(TASK):
Starting at the line below that contains "Kids Jadon Sancho" and ending at the line that contains "Dogtra ARC HANDSFREE", retype each line exactly as it stands, but omit the pictures.

(MATERIAL FOR THIS TASK):

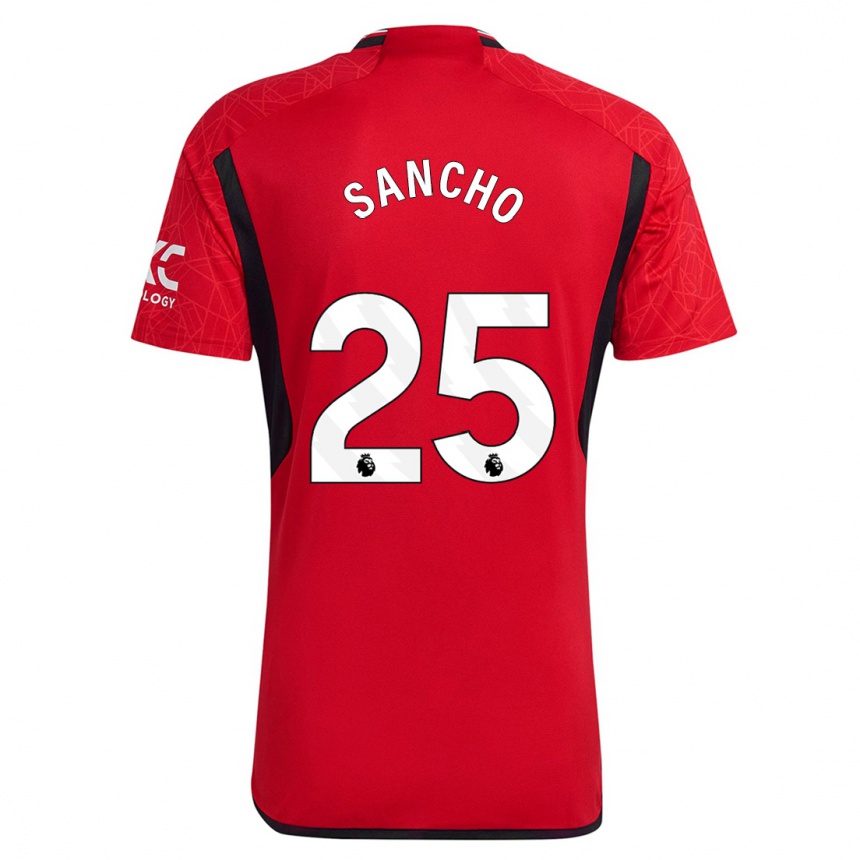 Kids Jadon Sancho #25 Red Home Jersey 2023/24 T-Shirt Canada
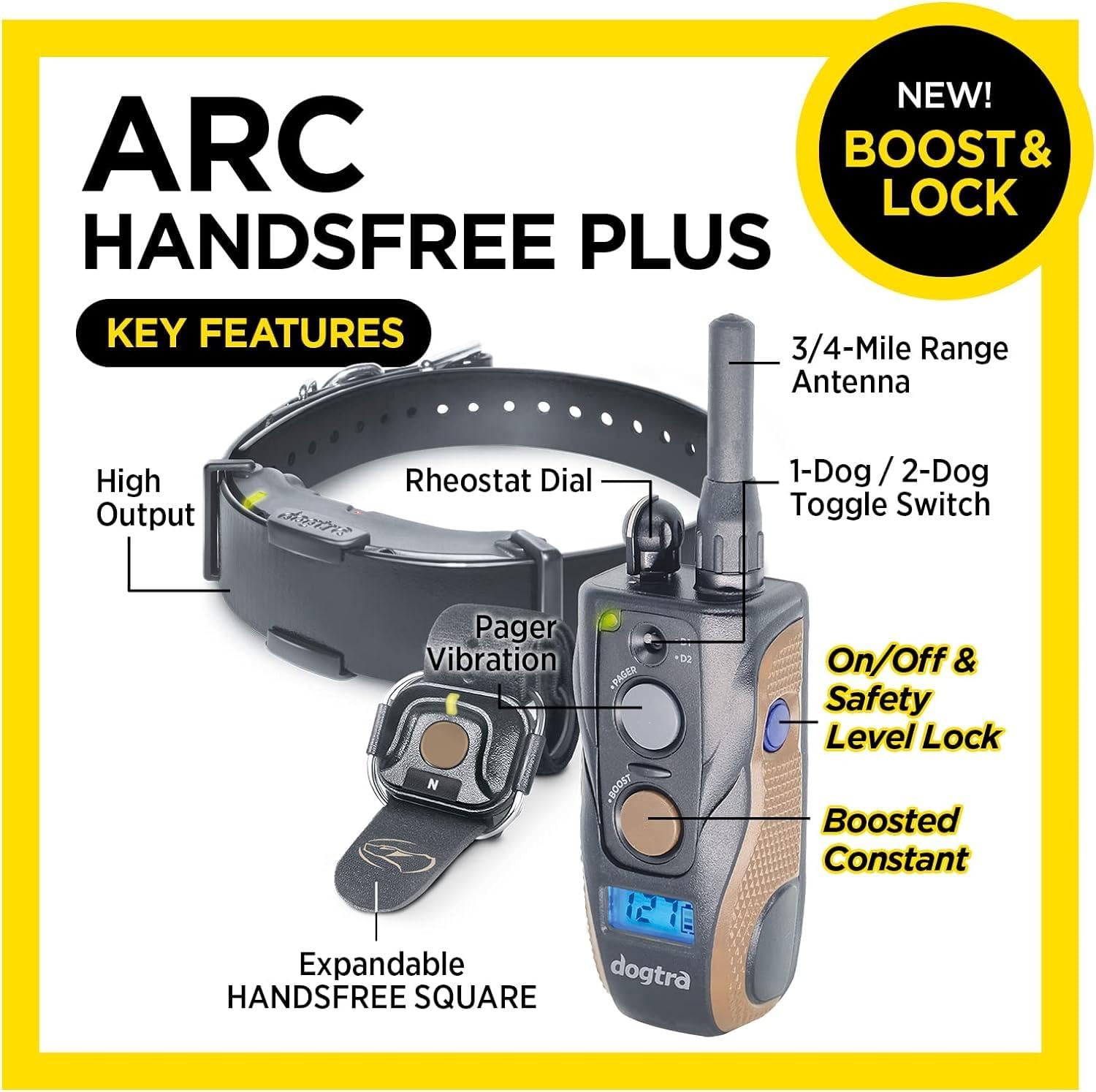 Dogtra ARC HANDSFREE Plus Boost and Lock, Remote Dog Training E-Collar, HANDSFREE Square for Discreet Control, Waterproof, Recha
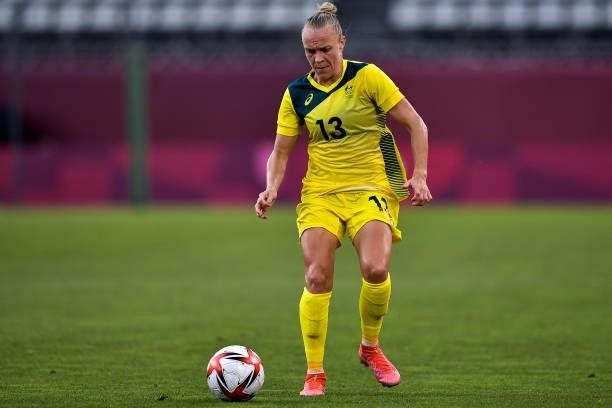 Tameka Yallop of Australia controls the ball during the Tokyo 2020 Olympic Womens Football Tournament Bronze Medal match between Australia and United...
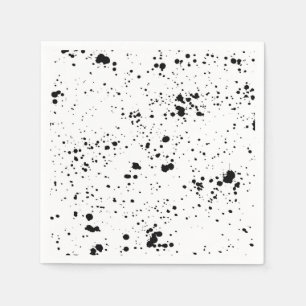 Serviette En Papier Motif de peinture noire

==

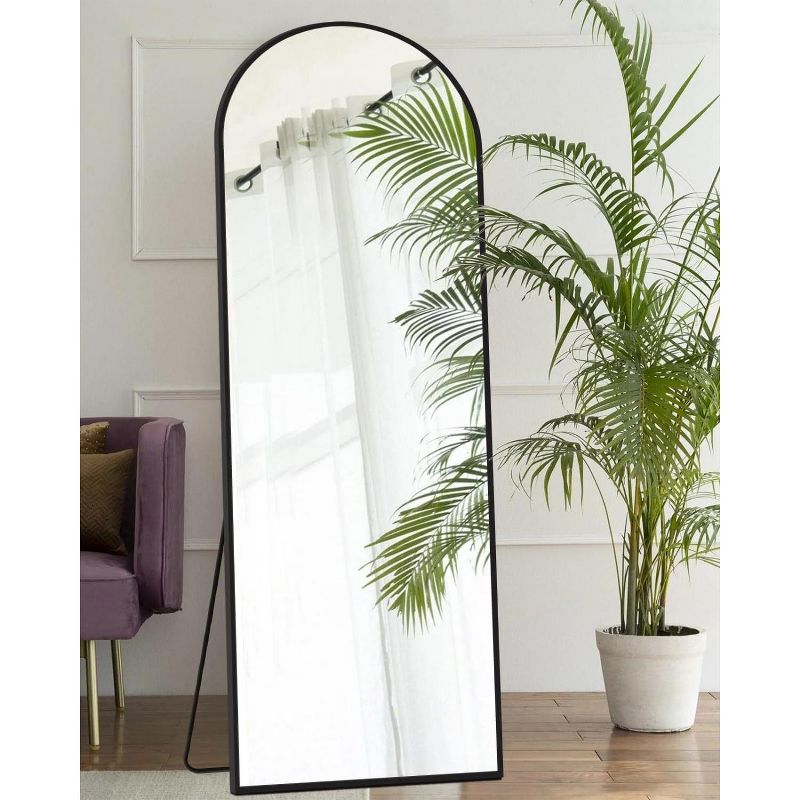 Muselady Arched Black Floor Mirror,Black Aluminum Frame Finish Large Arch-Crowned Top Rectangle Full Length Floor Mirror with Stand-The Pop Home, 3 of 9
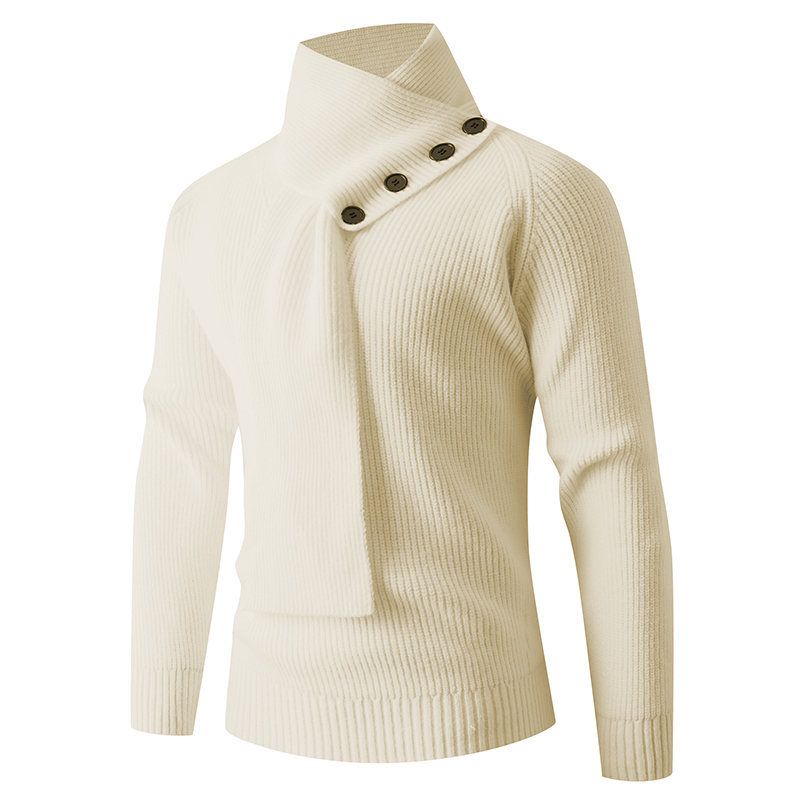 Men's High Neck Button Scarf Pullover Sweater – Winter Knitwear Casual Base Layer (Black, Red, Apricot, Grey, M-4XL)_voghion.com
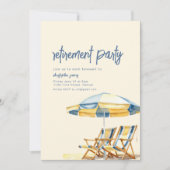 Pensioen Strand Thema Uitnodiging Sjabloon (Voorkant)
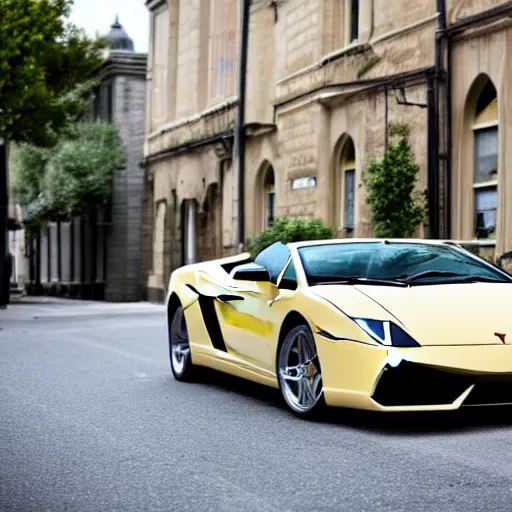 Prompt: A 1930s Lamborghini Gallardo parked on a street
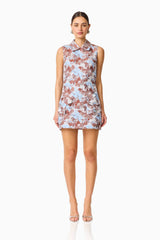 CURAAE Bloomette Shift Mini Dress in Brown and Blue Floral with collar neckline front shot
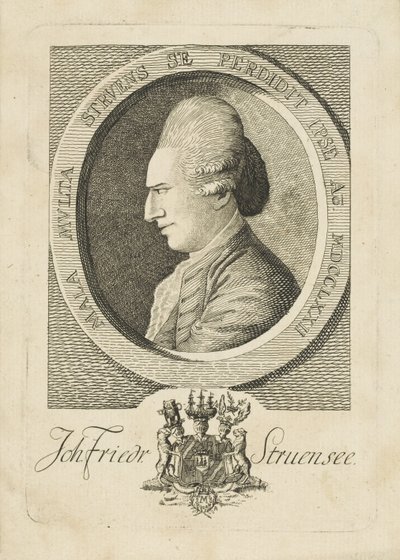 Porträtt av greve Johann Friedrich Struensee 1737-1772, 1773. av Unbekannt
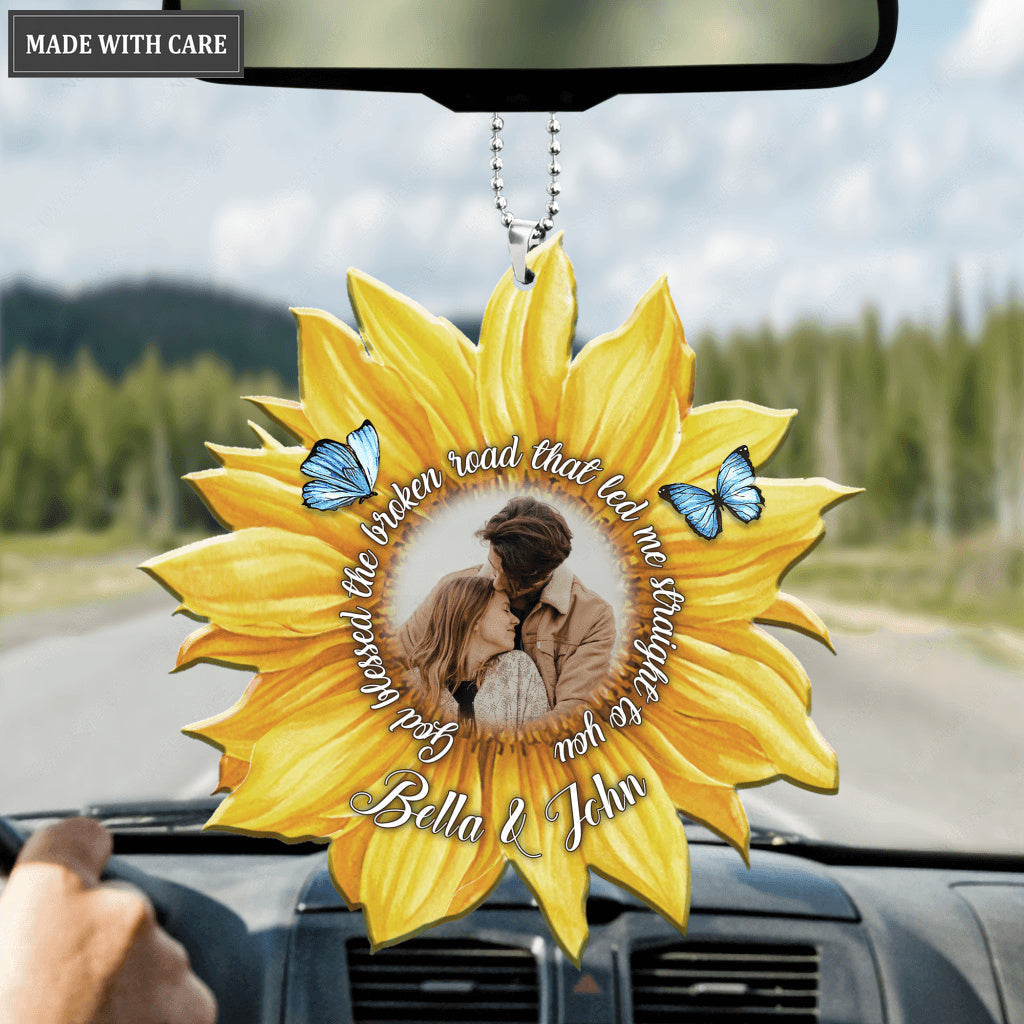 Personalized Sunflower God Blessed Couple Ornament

---

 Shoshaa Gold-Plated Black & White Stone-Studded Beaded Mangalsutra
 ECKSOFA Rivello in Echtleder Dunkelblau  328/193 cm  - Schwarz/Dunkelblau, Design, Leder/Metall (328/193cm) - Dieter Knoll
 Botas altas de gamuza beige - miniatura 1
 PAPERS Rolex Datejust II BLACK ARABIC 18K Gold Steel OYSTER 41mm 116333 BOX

(EXERCISE RESPONSE):
 Kids Jadon Sancho #25 Red Home Jersey 2023/24 T-Shirt Canada
 Dogtra ARC HANDSFREE Plus Boost and Lock, Remote Dog Training E-Collar, HANDSFREE Square for Discreet Control, Waterproof, Recha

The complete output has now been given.